Tigist Assefa przebiegła we wrześniu 2023 r. dystans 42,195 km w 2:11:53, co już wtedy wzbudziło wielkie poruszenie w świecie lekkiej atletyki. Kenijka Ruth Chepngetich przeszła do historii, urywając z tamtego wyniku aż 116 sekund.
- Zawsze o tym marzyłam. Teraz to marzenie się spełniło i jestem bardzo wdzięczna - powiedziała zwyciężczyni, którą cytuje "Bild".

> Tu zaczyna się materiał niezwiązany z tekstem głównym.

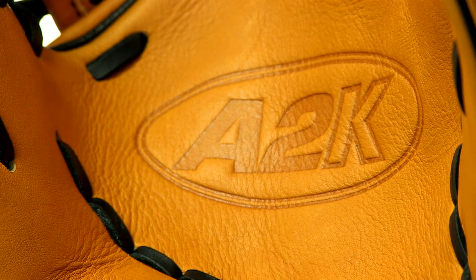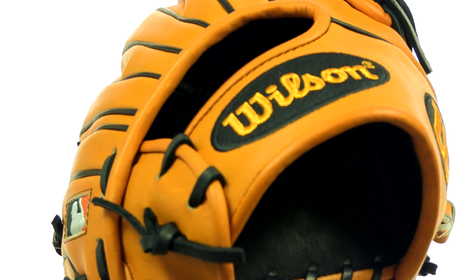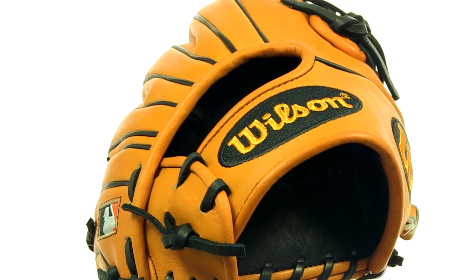The break-in time is dramatically reduced thanks to the Wilson technicians who pound and shape the glove in the factory to save you time, so you can take your new glove to the field immediately.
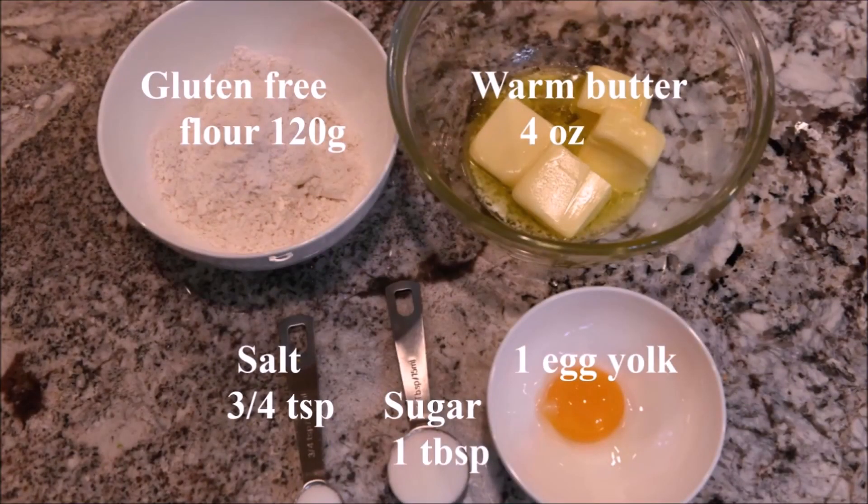The ingredients you need for the cookie base are gluten-free flour, warm butter, salt, sugar, and an egg yolk.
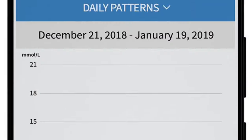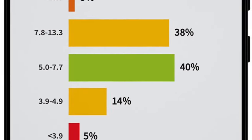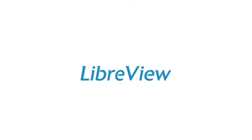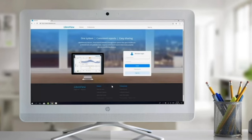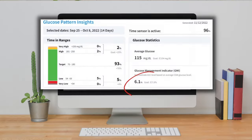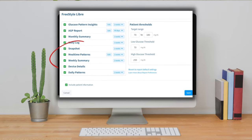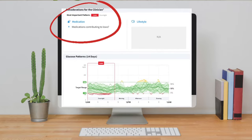Number three: more data. The Libre app already has a ton of information built right into it — graphs and charts, time in range, average glucose levels, etc. But if you want even more data, which most diabetic users typically do, you'll want to check out LibreView.com. Once you log in with the same login you use to access the app on your phone, you'll have access to a ton of extra data that just isn't available on the app: things like estimated A1c, options to view mealtime patterns, daily patterns over specified periods of time, and even trouble areas the system has noticed for you to work on. It really has a lot of invaluable data that I use myself all the time to try to improve my current glucose levels.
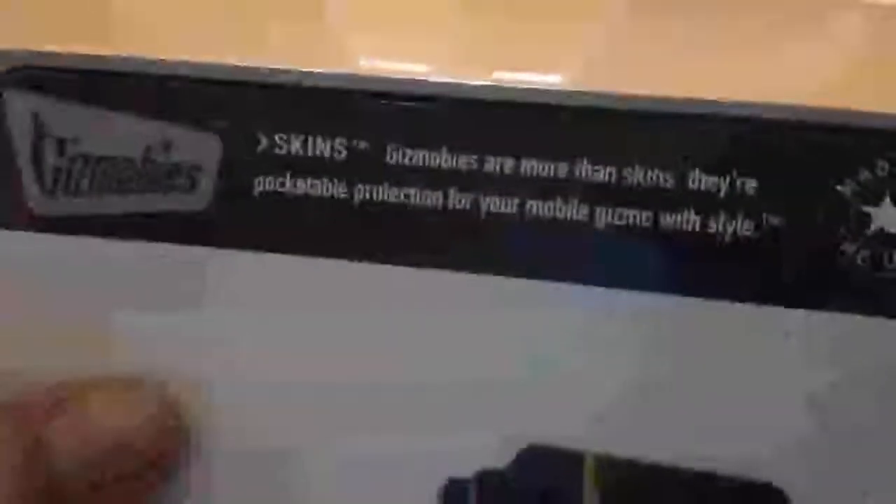Gizmovies skins are more than skins — they are pocketable protection for your mobile gizmo with style. Features include more protection than skins, easy on and comes off clean, lifetime guarantee, scratch and ding protection, and less bulk than cases. The back also says: easier to install, creates a custom look, protective screen lip, grips smooth surfaces, comes off clean, patented 3M materials, and lifetime guarantee.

30-latka już wcześniej dwukrotnie wygrywała maraton w Chicago (w 2021 i 2022 roku), choć w przeszłości zabrakło jej zaledwie 14 sekund, by pobić ówczesny rekord świata. Tym razem zawodniczka, wspierana nowoczesną technologią obuwia oraz grupą pacemakerów, bezbłędnie zrealizowała plan.
ZOBACZ WIDEO: #dziejesiewsporcie: Ależ forma Justyny Kowalczyk-Tekieli. Nagranie z finiszu robi wrażenie!
Podobnie jak jej rodaczka Brigid Kosgei w 2019 roku, również Chepngetich w pełni wykorzystała szybką trasę w Chicago. Przebiegła pierwsze kilometry w zawrotnym tempie, początkowo nawet zmierzając na wynik 2:06. Ostatecznie skończyło się na 2:09:57.
Co ciekawe, wynik ten dałby jej 10. miejsce w rywalizacji z mężczyznami. Walka o wygraną wśród panów także dostarczyła sporych emocji.
Kenijczyk John Korir wygrał z imponującym wynikiem 2:02:44. Przyspieszył w drugiej połowie biegu, wbiegając na metę o dwie minuty szybciej niż Huseydin Mohamed Esa z Etiopii. Trzecią lokatę zajął Kenijczyk Amos Kipruto, brązowy medalista mistrzostw świata w Doha.
Dodajmy, że przed rokiem w Chicago padł rekord świata wśród mężczyzn, który ustanowił Kelvin Kiptum. Kenijczyk w lutym 2024 roku zginął w wypadku samochodowym.